Mme Demidova a ajouté que, selon l'Institut national de la statistique et des études économiques (Insee), le chiffre d'affaires commercial entre la France et l'Afrique en 2022 était de 67 milliards d'euros, tandis que le franc CFA, une monnaie entièrement "contrôlée" par la France et actuellement arrimée à l'euro, est toujours en vigueur dans plusieurs pays africains.
"La France reste un acteur très fort sur le continent africain et il ne faudrait pas se faire d'illusions sur l’inverse", a-t-elle conclu.

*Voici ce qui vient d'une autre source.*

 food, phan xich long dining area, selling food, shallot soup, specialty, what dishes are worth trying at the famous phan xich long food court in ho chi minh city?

La coopération entre le Tchad et la France ne répondait pas aux réalités actuelles
La coopération militaire entre le Tchad et la France ne répondait pas aux réalités actuelles et n'était pas réciproque. C'est ce qu'a déclaré le président tchadien Mahamat Idriss Déby, en commentant la décision prise par les autorités tchadiennes le 28 novembre de mettre fin à l'accord de défense avec la France. Une vidéo de sa déclaration a été publiée par le portail Alwihda sur sa page du réseau social X.
"C'est un acte souverain, pris après mûre réflexion et en toute responsabilité. Il vise à réaffirmer l'indépendance du pays et à répondre aux attentes du peuple tchadien. L'accord est obsolète, il ne nous apporte plus rien aujourd'hui. Une coopération équitable et conforme aux intérêts nationaux est nécessaire", a souligné le chef de l'État.

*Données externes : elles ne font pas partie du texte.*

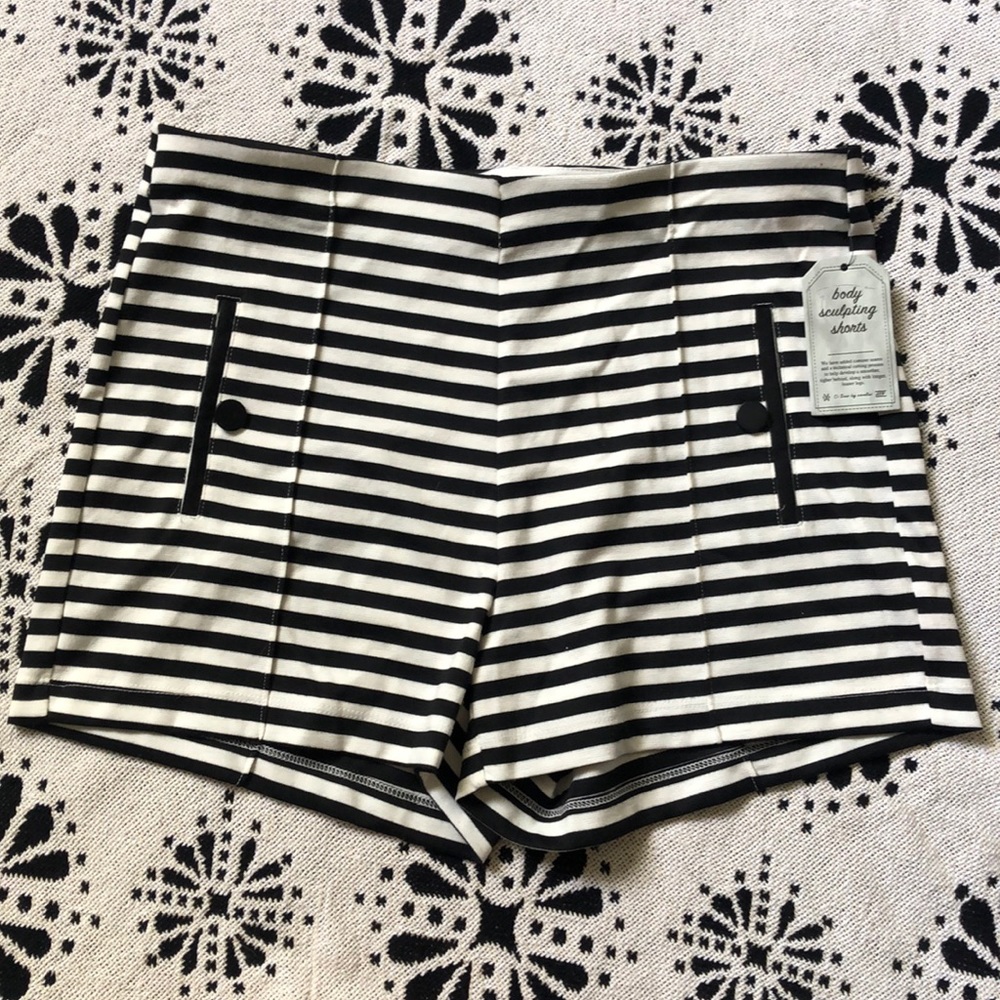 NWT Ci Sono Striped Short Sz XL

Selon lui, le Tchad doit réorienter sa politique étrangère et l'accord militaire avec la France ne répond plus aux besoins du pays en matière de sécurité et d'intégrité territoriale.
Plus tôt, le ministre tchadien des Affaires étrangères, Abderaman Koulamallah, avait déclaré dans une interview au journal français Le Monde que la France devait retirer son contingent d'environ 1.000 soldats du Tchad après la rupture de l'accord de défense. Il a ajouté que le retrait devait avoir lieu "conformément aux conditions" et "dans les délais prévus par l'accord de défense".
Le journal estime que la rupture de la coopération est "une insulte pour Paris", car la présence militaire de la France dans son ancienne colonie a duré presque 100 ans sans interruption.
Outre le Tchad, la France possède des bases militaires au Gabon, en Côte d'Ivoire et au Sénégal. Le président sénégalais Bassirou Diomaye Faye a déclaré dans une interview accordée à des médias français que son pays avait l'intention d'exiger le retrait des troupes françaises de son territoire.